Israelis love to beat their chests in self-reproach, and nowhere is this more evident than in how they have framed the 1973 Yom Kippur War for the past 50 years.
On the last day of the war, October 24, 1973, Israel found itself on the western side of the Suez Canal, with the entire Egyptian Third Army surrounded and just 100 km. from Cairo. In the North, the IDF had crossed the Golan Heights into Syria and was within 32 km. of Damascus, about the distance from Jerusalem to Beit Shemesh. All this occurred after the country had been outgunned, outmanned, and caught completely by surprise on the holiest day of the Jewish year.
In Egypt, the October or Ramadan War, as it is known, is commemorated each year by military parades, public speeches, concerts, sporting events, and trips to the Cairo museum glorifying the war. In Israel, it is marked by somber music, war memorials, and endless discussion about the failure of Israel’s intelligence, its political leaders, and the military – in short, a colossal collapse.
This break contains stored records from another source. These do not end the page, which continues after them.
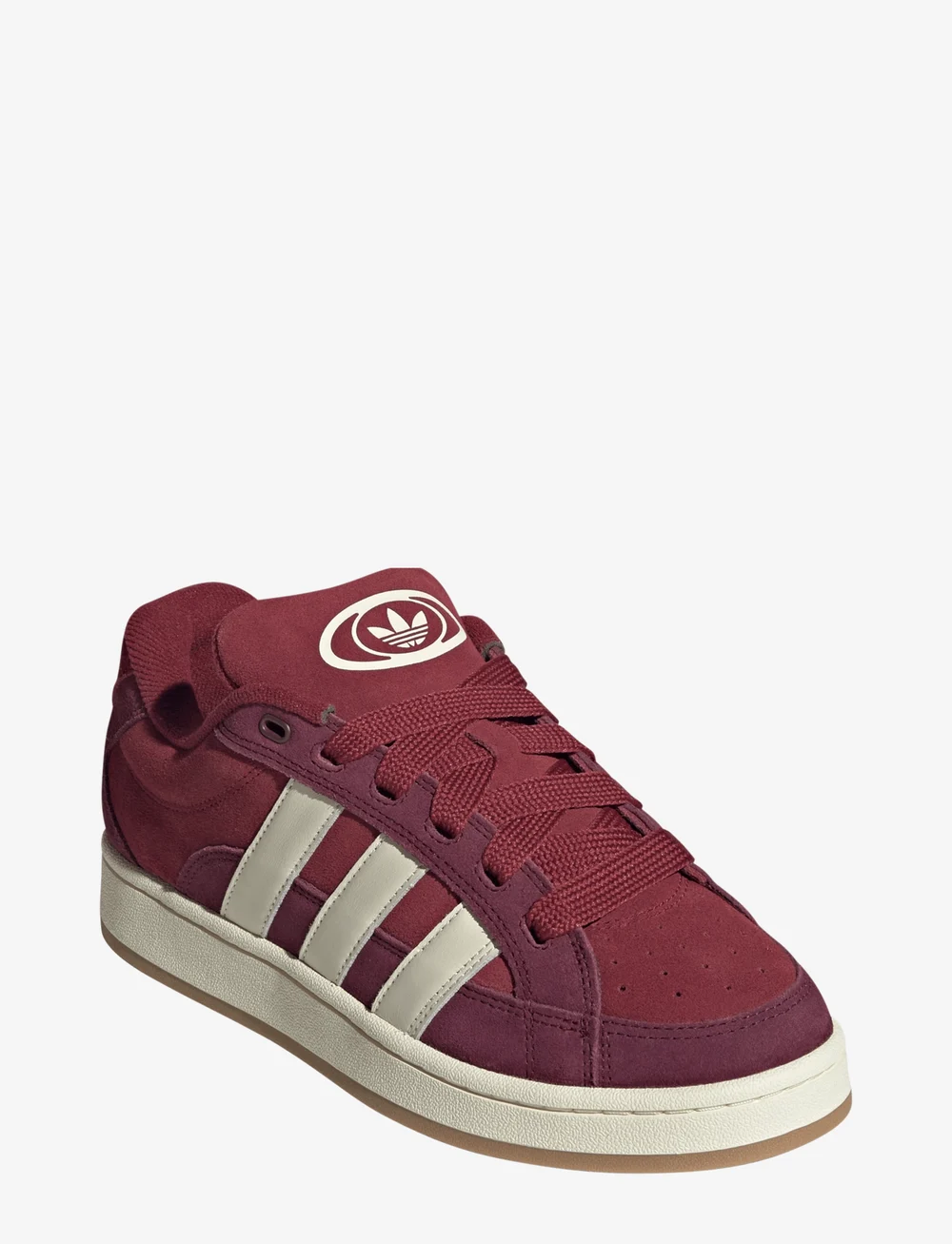 adidas Originals - CAMPUS 00s BETA - niedriger schnitt - maroon/crewht/nobmar - 0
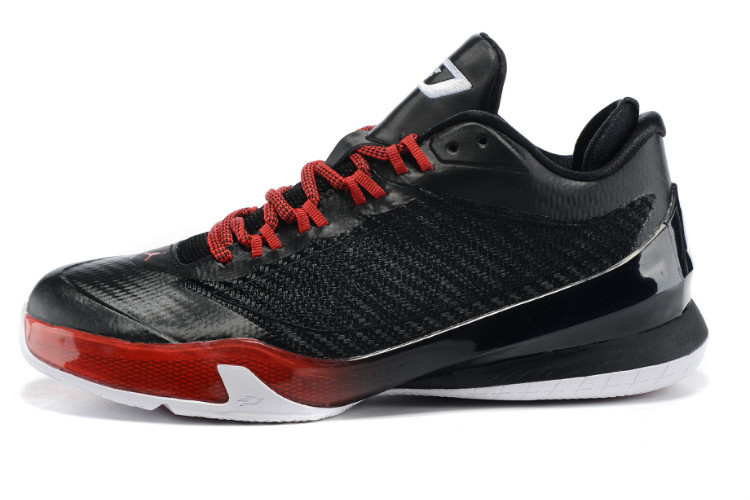 Nike Jordan CP3 VIII Black Red Shoes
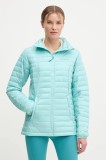 Columbia geaca sport Silver Falls II culoarea turcoaz, 2098682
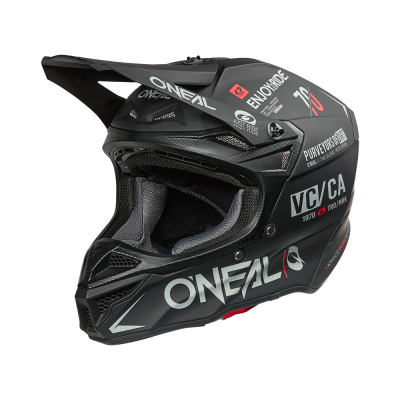Κράνος motocross 5SERIES POLYACRYLITE BRAND BLACK/GRAY V.26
How’s this for reframing: The Egyptians celebrate this military conflict – where they lost thousands of soldiers (Cairo never released official casualty figures, but the numbers are believed to be between 8,000 to 20,000 dead) and where their capital was left undefended – as a great victory. Meanwhile, Israelis, who miraculously turned the initial tide of the war from disaster into a head-turning success, view it as a catastrophe.
Why? Why does Israel view the Yom Kippur War as a disaster despite winning?